By Mathias Aarre Maehlum, EnergyInformative.org
Electrical power is probably the most important factor for development and growth. According to International Energy Agency (IEA), there are almost 1.5 billion people in the world that lack access to electricity.
The IEA has stated that half of those will never be grid-tied. 400 million Indians lack the access to electricity. The government of India has estimated that two thirds of the non-electrified households need distributed power.
Building out the electrical grid by extending expensive copper-based power lines might not be our best choice. Could off-grid distribution of renewable energy systems such as solar panels offer a better solution?
The costs of solar photovoltaics are falling
The costs of solar photovoltaics have dropped significantly since the technology first was introduced to the market. In less than 30 years, prices have gone from almost $7 to less than $2 per watt. Meanwhile, the energy price of coal has doubled since 2009.
Kerosene often costs ¼ of a family`s income
Even without access to electricity, the poor pays a lot for basic lighting. Kerosene and candles, both incredibly dirty forms of fuel, are expensive. In fact, the poorest fifth of the world population pays a fifth of the world`s lighting bill. At the same time they still have less than one percent of the same lighting benefits.
Kerosene is a multi-billion dollar industry. Every year, the costs of kerosene accounts for $36 billion. It is not unusual for a household with no access to electricity to spend one fourth of their income on kerosene.
An investment in a solar panel system today will still generate clean electricity 20 years down the line. However, the poor cannot afford the heavy upfront costs. If these households paid for the electricity they spent on a monthly basis, the costs would far less than for kerosene. Enough capital and smart business models are therefore needed.
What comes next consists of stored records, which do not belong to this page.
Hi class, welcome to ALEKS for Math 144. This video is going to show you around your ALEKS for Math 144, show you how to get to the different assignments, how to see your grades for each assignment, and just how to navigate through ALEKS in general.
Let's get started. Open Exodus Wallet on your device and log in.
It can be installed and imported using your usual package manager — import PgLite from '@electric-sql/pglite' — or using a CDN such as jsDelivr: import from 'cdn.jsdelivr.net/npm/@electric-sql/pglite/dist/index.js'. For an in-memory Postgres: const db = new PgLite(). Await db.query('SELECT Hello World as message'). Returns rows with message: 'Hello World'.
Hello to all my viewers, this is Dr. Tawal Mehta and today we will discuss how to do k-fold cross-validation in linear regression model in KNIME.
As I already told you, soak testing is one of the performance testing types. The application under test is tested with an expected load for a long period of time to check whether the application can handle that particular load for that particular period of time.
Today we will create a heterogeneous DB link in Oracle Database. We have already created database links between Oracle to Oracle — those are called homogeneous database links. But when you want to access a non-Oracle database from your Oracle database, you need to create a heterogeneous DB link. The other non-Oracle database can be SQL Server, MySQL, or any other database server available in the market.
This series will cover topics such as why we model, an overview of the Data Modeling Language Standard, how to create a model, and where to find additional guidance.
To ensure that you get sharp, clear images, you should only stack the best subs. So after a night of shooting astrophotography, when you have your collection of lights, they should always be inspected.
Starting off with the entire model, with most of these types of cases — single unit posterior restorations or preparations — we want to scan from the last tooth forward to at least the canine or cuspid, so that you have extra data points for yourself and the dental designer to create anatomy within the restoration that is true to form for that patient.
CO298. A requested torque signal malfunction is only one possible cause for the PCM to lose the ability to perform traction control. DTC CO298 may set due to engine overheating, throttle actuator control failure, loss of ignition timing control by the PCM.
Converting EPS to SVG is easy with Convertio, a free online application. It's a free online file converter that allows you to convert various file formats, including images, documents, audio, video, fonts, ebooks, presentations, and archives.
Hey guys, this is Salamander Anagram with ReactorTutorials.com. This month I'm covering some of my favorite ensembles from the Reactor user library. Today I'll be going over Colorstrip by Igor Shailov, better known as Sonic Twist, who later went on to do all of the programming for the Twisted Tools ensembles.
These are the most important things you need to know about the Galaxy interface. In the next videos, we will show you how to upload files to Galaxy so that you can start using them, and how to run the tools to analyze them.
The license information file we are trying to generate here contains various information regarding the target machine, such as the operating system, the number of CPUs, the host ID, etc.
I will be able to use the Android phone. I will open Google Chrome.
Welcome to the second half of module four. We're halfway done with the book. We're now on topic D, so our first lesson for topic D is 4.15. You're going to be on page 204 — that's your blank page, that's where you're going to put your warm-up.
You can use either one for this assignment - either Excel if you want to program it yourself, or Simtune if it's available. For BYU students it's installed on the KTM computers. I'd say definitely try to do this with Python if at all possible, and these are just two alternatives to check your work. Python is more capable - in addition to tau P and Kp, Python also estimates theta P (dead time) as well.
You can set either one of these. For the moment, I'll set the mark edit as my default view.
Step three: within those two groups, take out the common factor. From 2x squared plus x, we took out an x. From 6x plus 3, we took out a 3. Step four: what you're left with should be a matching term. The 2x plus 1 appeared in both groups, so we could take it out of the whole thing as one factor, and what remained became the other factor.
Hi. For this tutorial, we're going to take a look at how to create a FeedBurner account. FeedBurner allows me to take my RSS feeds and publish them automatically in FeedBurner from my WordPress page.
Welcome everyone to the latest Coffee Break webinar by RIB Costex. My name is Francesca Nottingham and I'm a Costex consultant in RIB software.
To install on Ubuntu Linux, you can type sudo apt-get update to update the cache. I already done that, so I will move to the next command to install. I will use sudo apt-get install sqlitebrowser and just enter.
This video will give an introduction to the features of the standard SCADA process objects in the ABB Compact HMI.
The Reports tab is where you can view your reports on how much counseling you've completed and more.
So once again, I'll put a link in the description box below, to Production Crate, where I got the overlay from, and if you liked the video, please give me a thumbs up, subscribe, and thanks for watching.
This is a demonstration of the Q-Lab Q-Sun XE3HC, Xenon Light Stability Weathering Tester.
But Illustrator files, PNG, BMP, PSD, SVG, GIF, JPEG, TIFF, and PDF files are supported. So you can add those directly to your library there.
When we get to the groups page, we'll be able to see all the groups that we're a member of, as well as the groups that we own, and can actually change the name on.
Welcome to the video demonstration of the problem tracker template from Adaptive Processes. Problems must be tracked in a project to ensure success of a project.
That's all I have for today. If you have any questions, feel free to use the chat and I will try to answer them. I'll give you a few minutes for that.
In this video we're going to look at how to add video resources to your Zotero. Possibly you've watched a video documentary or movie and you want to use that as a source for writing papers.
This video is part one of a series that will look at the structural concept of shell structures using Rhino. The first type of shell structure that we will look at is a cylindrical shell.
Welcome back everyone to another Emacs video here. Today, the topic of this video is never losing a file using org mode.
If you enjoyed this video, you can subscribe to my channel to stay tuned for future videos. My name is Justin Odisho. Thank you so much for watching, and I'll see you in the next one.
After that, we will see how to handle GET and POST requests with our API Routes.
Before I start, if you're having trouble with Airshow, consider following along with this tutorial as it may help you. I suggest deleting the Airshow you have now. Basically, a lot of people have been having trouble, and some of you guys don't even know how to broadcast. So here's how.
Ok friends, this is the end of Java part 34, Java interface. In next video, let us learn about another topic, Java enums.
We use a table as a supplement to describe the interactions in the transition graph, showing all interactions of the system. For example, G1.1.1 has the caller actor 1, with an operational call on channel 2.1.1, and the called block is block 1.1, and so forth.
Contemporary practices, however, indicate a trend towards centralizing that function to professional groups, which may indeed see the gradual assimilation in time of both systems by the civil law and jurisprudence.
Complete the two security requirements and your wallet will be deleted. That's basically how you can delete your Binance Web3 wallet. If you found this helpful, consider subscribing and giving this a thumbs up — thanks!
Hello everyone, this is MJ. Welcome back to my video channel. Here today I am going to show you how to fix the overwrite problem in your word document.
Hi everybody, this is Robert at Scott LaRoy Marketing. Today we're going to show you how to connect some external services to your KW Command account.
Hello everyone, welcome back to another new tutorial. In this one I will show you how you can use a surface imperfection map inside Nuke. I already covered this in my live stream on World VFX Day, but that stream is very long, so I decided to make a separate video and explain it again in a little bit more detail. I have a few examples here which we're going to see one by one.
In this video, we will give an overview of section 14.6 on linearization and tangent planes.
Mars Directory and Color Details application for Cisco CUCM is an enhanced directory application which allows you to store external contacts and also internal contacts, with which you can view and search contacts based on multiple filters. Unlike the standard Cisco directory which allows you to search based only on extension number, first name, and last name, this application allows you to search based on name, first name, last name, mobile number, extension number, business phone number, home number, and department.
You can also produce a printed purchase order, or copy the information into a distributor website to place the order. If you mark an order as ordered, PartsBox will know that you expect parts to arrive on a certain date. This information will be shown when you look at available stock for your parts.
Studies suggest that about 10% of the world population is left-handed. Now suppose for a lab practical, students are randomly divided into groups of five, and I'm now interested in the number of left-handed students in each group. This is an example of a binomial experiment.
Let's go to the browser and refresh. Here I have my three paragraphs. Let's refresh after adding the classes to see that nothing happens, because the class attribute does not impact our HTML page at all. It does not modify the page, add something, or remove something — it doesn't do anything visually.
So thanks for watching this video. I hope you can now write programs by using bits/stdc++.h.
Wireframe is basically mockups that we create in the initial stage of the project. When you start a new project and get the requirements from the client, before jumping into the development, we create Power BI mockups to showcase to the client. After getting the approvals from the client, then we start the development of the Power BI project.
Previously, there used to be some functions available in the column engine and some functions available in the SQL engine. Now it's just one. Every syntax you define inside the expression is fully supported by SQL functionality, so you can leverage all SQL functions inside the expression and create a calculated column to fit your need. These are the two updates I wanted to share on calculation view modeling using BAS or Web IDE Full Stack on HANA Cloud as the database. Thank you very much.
Sustainable Energy for All
UN Secretary General Ban Ki-moon has proclaimed 2012 the Year of Universal Energy Access. He leads the global initiative called Sustainable Energy for All. The initiative has set three key objectives to be achieved by 2030:
“Providing universal access to modern energy services; doubling the global rate of improvement in energy efficiency; and doubling the share of renewable energy in the global energy mix.”
If business goes on as usual, the majority of those 1.5 billion people still won`t have access to electricity by the end of 2030. However, technological and financial advancements in distributed renewable power will not reach its end any time soon. Supplying power to rural areas is within grasp. Providing energy access to those people should be among our highest priorities.